Aji Ngaran Sastra, Saka Ngaran Tiang Ngaran Pokok (ngaran = bermakna) yang secara umum mengandung pengertian yaitu Sumber dari ajaran sastra Kesusastraan. Sastra ngaran tastas, ngaran terang benderang. Astra ngaran api ngaran sinar
(dengan mengenal api orang akan mengenal terang, sebaliknya orang yang tidak mengenal sastra sama dengan buta huruf berarti hidup dalam kegelapan)
Demikian penjelasan Tatwa Aksara (filsafat aksara) yang tercantum di dalam Aji Saraswati, yang berarti tak terbatas sari patinya. Mengenai ajaran Aji Panca Bayu yang melahirkan istilah Paandie dijelaskan sebagai berikut :
Dalam ajaran Aji Panca Bayu memuat lima ajaran inti tentang Panca Cakra atau Panca Bayu yang kemudian disebut Panca Prana. Ajaran ini sangat dirahasiakan dan hanya boleh diberikan kepada penganut sekte brahmana. Panca Bayu atau Panca Cakra itu meliputi :
1. Prana Mantram : sumber dari segala sumber kekuatan cakra bertempat di Papusuhan atau pada jantung, keluar melalui hidung berfungsi sebagai hembusan
2. Apana Mantram : kekuatan cakra bersumber pada pori pori seluruh tubuh, keluar menjadi air disebut Palungan (sumber air)
3. Sabana Mantram : kekuatan cakra bersumber pada hati, keluar menjadi api melalui mata kanan
4. Udana Mantram : kekuatan bersumber pada ubun-ubun keluar menjadi garam (inti Baja)
5. Byana Mantram : kekuatan cakra bersumber pada tiga persendian utama yaitu paha, tangan dan jari.

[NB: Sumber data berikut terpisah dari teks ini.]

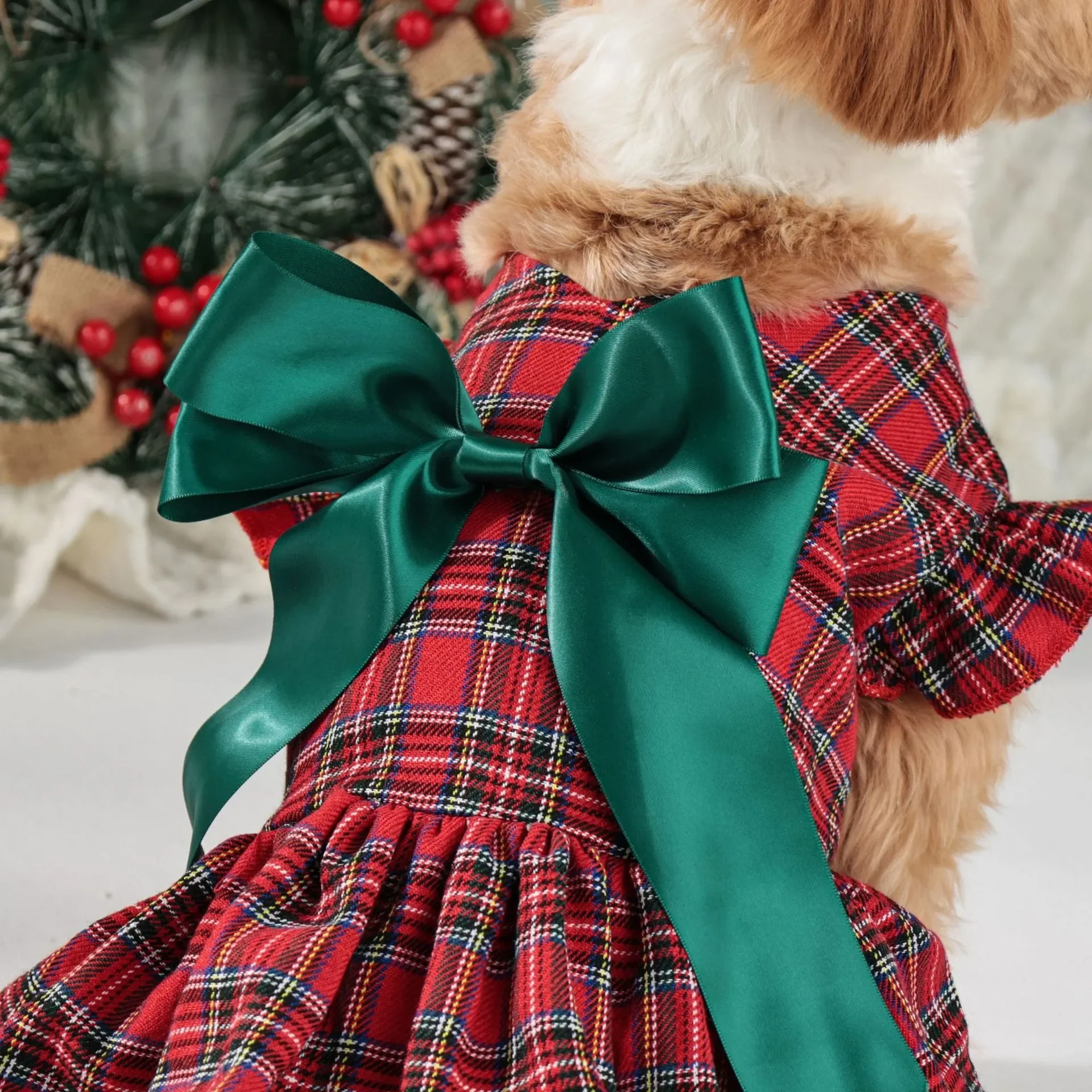 Christmas Dog Clothes Classic Checkered Long Skirt Bow Christmas Party Dress Up Pet Clothing Dog Dresses for Small Dogs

Cakram Mantram mengalir kepada paha menjadi kekuatan tanpa tanding, tahan api yang menyebabkan paha menjadi keras dan berfungsi sebagai landasan. Cakram Mantram mengalir ke tangan menyebabkan seluruh tangan menjadi kuat dan keras, tahan api, berfungsi sebagai palu. Cakram Mantram mengalir keseluruh jari jari tangan membuat jari menjadi tahan api, berfungsi sebagai penjepit atau sepit.
Dari ketiga sumber kekuatan inilah lalu melahirkan istilah Paandie yang kronologinya sebagai berikut :
Pa ngaran paha
An ngaran tangan
Die ngaran jeriji
Penyatuan Ketiga aksara menjadi Paandie dan selanjutnya ajaran tersebut diberi nama “Sundari Bungkah Sundari Nerus” sedangkan pustakanya disebut Pustaka Bang Tawang.

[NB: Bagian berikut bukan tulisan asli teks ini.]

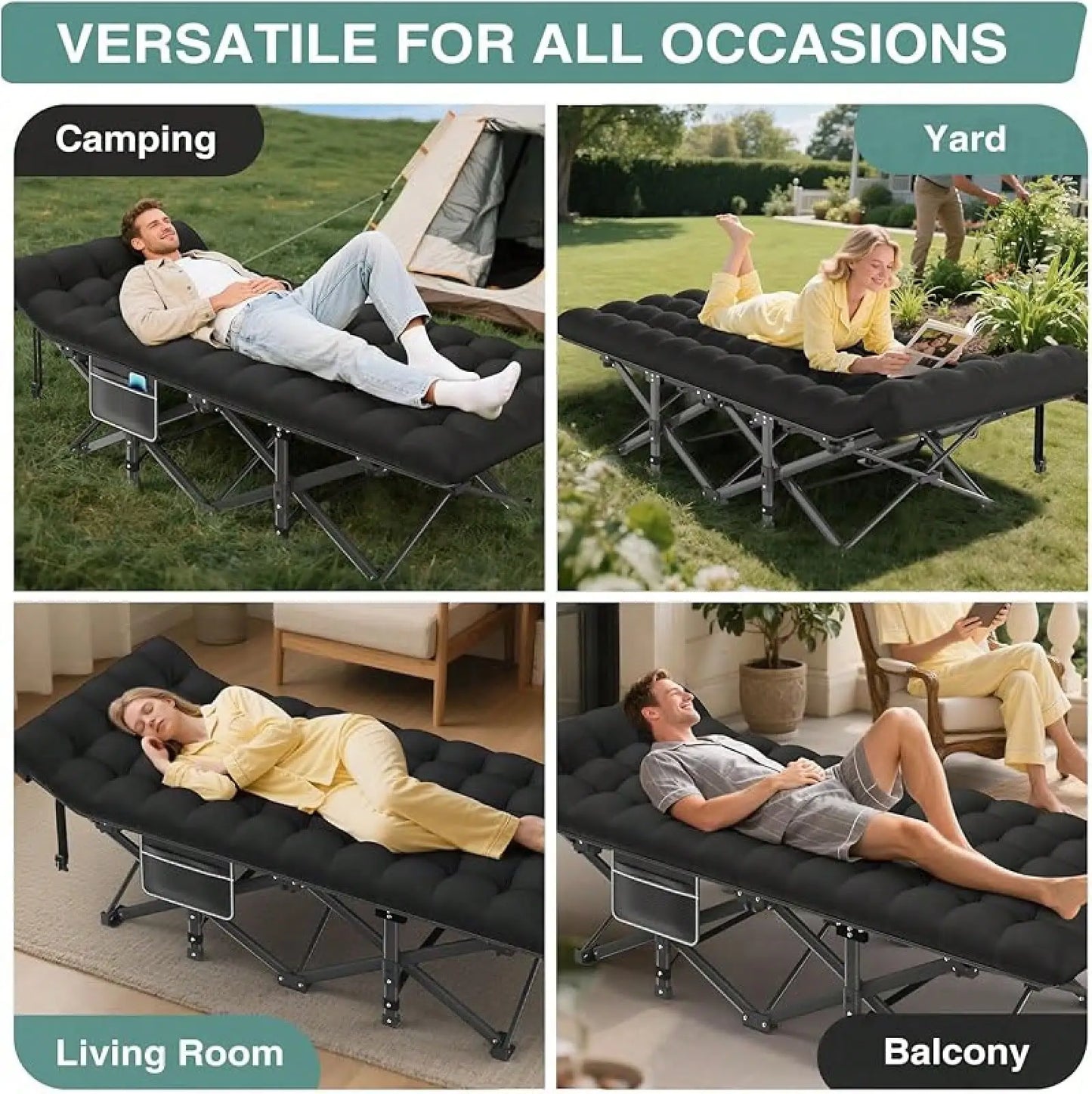 Folding Camping Cot For Adult, Portable Sleeping Cot With Mattress, For Camp With Carry Bag.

Bagi mereka yang memasuki dan memperdalam Aji Kawikon disebut Brahma Paandie, bagi mereka yang memperdalam Aji Kewisesan Satria disebut Arya Kepaandian” arya dalam bahasa jawa sama dengan Kesatria, sama dengan Gusti dalam singgih Bali. Selanjutnya bagi mereka yang menganut aliran Brahma ini disebut Wamsa Paandie atau lebih poluler disebut Wamsa Paandie, sedangkan tempat pemujaan pustakanya disebut Gedong Sinapa atau Gedong Batur Kemulan Kasuhun Kidul.
Demikian ringkasan yang dapat saya persembahkan. Semoga bermanfaat.